Sunday, December 20, 2009

Unit Testing 101 Guidelines Part 1

See also Unit Testing Guidelines Terminology, Part1, Part2, Part3, Part4

What is Unit Testing?

A unit test is a focused automated test for one member in a class.  This means it’s a small piece of .Net code designed to test one member of a class.  Given control of the input to a method the output can be predicted (with knowledge of the code or business function) and then compared to a predetermined constant. If it does not meet this expectation outcome the test fails.  

For example if you have a method Add(x, y) that takes two integers you know (based on the specification) that passing in 2 and 3 should return 5.

Unit tests are built over time and stored in large libraries of tests. These libraries are then used to test a lot of code very quickly and covering a good deal of code.  This fast high code coverage testing can then be used to gauge the success of new code (has a newly added feature somehow broken existing code aka ripple-effect).

The style of inputs generally fall into two categories: common use case input, and fringe input intended to see if the method gracefully handles unexpected data.

Unit tests are intended to be isolated and independent from one another. This means that one test running should not interfere with others also running at the same time or subsequently.  For the sake of speed, applications that run unit tests quite often run tests in parallel on multiple threads; doing so should not fail the tests. Making use of static state variables will cause tests running in parallel to interfere with each other.

Unit testing is strictly targeting development and developers.  However unit tests should always be automated into the master build process.  This gives an indication of build quality and ensures QA testers do not start testing a broken build.  A broken build is further described as a build that does not compile or a build in which not all tests are passing.

Unit testing is only possible on code that has been designed to be tested.  Designing for testing essentially means that class design allows for ways to provide alternatives (stubs and mocks) for all dependencies of the class.

When testing a method within a class you go through a process of “mocking out” dependencies so the class under test does not try and call other production code outside the class. For example to ensure a class does not call a live service or database. This creates an isolated test environment that focuses the testing to the one class and method. Only code in the class under test can fail the test.
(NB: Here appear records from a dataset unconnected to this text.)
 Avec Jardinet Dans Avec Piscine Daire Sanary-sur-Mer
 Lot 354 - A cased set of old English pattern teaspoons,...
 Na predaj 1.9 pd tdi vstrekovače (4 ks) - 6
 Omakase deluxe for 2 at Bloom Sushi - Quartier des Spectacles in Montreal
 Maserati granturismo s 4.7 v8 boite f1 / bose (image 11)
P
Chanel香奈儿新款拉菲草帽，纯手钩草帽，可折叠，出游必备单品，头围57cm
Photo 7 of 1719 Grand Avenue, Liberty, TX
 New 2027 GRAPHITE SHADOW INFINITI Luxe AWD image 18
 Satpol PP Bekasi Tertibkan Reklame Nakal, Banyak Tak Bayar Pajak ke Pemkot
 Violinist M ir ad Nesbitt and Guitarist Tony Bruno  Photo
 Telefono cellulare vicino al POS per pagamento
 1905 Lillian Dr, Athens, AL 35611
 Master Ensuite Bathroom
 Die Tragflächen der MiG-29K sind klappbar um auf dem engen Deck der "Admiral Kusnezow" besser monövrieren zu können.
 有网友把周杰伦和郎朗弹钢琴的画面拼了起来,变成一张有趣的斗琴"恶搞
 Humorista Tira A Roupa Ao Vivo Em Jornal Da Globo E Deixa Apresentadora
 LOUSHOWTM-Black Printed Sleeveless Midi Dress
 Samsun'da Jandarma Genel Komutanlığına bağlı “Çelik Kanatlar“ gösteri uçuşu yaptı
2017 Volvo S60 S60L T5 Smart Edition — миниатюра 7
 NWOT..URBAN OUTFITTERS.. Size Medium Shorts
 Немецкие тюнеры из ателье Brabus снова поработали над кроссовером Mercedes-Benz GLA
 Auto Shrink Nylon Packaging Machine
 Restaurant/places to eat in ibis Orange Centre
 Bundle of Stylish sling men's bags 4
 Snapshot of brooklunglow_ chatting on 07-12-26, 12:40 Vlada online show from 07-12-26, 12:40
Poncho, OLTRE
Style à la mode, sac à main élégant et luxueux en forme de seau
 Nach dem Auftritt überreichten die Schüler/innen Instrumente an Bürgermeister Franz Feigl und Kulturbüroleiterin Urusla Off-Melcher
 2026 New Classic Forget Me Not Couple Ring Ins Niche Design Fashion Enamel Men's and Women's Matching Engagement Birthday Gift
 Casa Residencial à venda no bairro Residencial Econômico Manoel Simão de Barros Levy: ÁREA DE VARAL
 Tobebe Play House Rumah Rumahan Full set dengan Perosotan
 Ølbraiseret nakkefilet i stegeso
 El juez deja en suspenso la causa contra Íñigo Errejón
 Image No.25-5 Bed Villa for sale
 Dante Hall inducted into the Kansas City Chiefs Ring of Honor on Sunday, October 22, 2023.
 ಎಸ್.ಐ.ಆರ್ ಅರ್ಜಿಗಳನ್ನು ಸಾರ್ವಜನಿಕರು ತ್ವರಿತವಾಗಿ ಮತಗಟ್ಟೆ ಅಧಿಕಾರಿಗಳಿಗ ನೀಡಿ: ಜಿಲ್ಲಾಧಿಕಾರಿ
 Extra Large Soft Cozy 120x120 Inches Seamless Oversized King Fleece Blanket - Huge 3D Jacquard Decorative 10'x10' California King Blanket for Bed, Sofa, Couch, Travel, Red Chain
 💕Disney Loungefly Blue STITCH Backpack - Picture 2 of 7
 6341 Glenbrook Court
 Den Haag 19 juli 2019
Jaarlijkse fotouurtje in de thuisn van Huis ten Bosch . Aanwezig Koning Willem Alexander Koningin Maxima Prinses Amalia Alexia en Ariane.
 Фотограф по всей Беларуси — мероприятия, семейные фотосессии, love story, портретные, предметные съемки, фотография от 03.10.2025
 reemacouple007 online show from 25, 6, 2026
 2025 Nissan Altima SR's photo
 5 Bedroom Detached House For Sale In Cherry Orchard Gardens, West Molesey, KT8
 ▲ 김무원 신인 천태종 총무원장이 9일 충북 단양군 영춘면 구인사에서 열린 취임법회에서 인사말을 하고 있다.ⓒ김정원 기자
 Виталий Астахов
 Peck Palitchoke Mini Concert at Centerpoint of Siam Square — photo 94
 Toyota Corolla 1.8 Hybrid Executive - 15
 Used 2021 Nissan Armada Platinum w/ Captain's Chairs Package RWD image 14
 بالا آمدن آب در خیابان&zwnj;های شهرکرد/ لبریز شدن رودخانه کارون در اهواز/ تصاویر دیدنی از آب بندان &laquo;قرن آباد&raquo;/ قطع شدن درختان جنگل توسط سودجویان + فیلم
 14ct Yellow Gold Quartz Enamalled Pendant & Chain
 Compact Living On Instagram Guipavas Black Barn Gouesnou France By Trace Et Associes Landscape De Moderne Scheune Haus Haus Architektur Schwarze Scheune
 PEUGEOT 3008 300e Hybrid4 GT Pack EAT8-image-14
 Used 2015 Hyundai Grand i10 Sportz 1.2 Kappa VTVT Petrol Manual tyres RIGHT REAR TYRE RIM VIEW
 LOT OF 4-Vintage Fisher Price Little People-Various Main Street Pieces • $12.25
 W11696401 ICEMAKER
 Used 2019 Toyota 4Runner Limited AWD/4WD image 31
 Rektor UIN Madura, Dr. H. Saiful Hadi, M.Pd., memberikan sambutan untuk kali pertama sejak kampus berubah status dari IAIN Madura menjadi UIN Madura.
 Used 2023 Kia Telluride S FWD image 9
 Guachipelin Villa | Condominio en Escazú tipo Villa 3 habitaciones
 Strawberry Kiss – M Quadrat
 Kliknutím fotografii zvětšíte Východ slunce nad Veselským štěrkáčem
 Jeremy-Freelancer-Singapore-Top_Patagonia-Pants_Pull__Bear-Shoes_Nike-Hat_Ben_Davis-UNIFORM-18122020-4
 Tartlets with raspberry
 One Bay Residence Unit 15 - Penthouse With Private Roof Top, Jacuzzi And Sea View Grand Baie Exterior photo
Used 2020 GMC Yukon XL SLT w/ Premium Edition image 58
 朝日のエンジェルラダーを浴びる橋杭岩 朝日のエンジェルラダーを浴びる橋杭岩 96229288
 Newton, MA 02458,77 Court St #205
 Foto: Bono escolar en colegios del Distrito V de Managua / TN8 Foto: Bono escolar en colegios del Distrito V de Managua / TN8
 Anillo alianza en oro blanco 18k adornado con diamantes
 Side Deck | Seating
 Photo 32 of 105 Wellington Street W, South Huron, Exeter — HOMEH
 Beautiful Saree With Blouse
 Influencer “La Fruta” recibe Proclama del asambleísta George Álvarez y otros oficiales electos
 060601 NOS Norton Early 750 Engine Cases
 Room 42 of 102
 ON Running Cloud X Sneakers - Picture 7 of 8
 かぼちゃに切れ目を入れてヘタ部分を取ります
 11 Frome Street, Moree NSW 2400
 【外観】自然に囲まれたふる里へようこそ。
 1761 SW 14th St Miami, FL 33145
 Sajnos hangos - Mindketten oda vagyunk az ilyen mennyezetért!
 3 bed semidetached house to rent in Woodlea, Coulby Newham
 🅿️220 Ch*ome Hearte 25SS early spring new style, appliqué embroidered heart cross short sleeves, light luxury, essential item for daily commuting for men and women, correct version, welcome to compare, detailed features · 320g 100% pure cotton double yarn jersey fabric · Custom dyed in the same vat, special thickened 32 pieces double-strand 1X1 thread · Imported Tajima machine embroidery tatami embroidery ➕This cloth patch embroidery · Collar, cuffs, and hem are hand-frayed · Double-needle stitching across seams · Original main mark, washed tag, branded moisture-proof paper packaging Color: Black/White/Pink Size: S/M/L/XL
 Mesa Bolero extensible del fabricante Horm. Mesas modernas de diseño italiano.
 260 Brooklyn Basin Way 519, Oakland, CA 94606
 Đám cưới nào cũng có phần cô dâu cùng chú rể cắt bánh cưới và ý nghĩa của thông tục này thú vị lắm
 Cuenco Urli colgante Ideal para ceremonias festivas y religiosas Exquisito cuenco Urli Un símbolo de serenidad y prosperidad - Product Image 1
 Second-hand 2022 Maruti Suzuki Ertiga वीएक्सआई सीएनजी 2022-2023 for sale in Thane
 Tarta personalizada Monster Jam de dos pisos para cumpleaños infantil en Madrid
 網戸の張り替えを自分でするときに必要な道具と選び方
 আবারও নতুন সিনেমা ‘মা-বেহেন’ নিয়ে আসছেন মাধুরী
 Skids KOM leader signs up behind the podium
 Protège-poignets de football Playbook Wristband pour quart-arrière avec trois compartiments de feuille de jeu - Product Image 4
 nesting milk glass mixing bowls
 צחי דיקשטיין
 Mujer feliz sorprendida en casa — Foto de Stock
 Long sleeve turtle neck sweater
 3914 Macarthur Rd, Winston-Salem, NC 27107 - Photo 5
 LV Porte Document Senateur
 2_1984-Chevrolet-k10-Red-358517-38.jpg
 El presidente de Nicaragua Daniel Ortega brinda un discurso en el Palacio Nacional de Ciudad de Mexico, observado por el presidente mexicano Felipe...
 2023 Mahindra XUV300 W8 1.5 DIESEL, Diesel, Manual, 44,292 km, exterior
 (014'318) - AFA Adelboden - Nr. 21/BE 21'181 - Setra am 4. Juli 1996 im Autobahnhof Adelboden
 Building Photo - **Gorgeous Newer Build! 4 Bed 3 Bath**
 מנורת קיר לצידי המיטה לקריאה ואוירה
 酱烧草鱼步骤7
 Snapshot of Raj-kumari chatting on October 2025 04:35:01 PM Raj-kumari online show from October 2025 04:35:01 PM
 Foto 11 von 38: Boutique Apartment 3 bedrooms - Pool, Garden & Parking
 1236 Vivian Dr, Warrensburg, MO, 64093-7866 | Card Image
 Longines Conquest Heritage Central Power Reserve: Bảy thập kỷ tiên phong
What is Test Driven Development (TDD)? 

Test Driven Development is sometimes used in conjunction with Unit Testing. Unit testing can be fully utilised without following a Test Driven Development process. However by following TDD high code coverage is achieved more rapidly and code tends to be more concise and less complex.

WIKIPEDIA: It’s an approach focused on writing only the code necessary to pass tests, resulting in cleaner and clearer designs than is achieved by other methods. It cuts out extra functionality that is outside of the current scope. This definitely results in simpler, easier to implement and follow code, but means that extensibility becomes a problem for future projects unless extensibility is part of the original specification and scope.

The main principles are:

  • —The main principal is to KISS YAGNI. 
  • Keep It Simple Stupid, You Ain’t Gunna Need It. 
  • Developers are given Use Cases with the software specifications. 
  • Write failing tests first that match Use Cases. 
  • Write code only to make tests pass. Results in a clean uncomplicated easy to use application.